The exhibition features artworks about true outer and inner beauty of Korea, China, and Japan. It is being held at the museum’s Temporary Exhibition Hall and Modern Art Gallery.
The aim of this exhibition is to provide a chance to see the different aesthetics of human beauty among East Asian countries, which reflect and at the same time to compare the different sense of beauty based on each country’s political, cultural and social backgrounds.
The museum planned the exhibition to cast new light on what it means to be truly beautiful people in this modern lookism society, where people are judged more for their appearance rather than their inner values.

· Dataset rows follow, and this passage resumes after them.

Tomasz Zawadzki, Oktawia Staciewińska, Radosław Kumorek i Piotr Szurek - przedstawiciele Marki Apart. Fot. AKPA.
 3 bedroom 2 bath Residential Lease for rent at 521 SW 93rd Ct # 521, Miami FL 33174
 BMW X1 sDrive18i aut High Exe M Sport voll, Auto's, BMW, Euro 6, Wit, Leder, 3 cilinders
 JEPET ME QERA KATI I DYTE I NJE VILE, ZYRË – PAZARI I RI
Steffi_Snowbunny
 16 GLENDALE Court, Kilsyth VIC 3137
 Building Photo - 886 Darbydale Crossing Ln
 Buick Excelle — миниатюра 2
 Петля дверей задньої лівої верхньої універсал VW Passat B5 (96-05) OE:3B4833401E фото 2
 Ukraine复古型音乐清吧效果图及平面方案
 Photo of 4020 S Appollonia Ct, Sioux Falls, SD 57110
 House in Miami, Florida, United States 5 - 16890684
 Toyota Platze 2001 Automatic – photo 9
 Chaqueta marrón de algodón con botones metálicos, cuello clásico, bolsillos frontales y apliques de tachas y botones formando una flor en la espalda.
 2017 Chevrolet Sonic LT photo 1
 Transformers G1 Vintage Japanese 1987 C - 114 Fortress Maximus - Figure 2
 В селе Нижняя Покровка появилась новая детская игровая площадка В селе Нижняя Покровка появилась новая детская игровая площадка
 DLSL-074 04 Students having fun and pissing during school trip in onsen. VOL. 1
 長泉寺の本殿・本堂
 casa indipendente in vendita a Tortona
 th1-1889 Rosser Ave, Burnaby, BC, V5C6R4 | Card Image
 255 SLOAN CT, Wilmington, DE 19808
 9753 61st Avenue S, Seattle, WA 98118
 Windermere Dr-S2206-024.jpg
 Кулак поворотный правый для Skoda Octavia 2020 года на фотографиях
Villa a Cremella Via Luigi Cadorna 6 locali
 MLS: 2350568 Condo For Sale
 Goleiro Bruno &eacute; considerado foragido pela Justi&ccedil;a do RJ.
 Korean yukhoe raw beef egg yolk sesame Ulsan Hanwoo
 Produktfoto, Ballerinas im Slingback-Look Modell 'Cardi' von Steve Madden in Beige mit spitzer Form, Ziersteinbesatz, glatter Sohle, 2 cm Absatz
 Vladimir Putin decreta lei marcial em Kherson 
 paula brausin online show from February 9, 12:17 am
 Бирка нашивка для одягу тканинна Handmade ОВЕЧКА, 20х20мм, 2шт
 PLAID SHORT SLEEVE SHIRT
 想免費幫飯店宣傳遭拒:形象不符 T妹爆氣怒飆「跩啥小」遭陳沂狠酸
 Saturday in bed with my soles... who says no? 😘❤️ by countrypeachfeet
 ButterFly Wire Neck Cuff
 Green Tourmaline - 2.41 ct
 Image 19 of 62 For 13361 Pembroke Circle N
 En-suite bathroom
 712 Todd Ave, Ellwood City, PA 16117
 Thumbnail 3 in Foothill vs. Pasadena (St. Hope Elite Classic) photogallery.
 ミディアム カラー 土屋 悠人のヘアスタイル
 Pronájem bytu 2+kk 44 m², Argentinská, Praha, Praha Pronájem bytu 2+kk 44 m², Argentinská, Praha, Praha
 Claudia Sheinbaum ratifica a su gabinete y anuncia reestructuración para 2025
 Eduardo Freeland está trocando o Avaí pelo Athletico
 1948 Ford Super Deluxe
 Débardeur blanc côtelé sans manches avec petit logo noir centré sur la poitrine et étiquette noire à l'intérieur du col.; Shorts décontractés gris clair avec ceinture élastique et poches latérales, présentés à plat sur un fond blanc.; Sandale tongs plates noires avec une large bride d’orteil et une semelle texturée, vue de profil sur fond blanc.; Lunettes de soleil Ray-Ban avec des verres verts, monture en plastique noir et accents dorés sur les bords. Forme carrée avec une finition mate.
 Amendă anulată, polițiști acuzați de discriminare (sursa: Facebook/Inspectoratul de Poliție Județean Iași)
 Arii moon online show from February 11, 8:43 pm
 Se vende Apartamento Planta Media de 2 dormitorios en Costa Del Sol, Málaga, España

At the Temporary Exhibition Hall, traditional artifacts from Korea, China, and Japan are featured. Beautiful People in Korean Art are expressed by various portraits in five different categories: seekers of purity, practitioners of justice, possessors of elegance, creators of beauty, and performers of good deeds. The Chinese art exhibition shows diverse collections of beautiful people through sculptures of the late Han period to modern paintings. The Japanese art exhibition presents righteous monks who initiated the innovation of Buddhism in Japan, singers and performers of traditional Japanese string instruments and gorgeous women who were regarded as beautiful.
In the Modern Art Gallery, 16 pieces of artworks including painting, sculptures, photos, and video pieces designed by 10 modern artists from each of the three countries are displayed.
Main artworks include “Blue Room” made by Yun Suk-Nam, “Mother’s Series” of Ishiuchi Miyako, “Terracotta Figures of Civilian Workers in the Republic of China” worked by Wen Fang.
“The Art Show will be more meaningful if visitors make a comparison of each country’s different aspects of beautiful people,” said Kang Eun-ju, a docent from the museum. “The three countries differ from the prevailing Western standards for beauty.”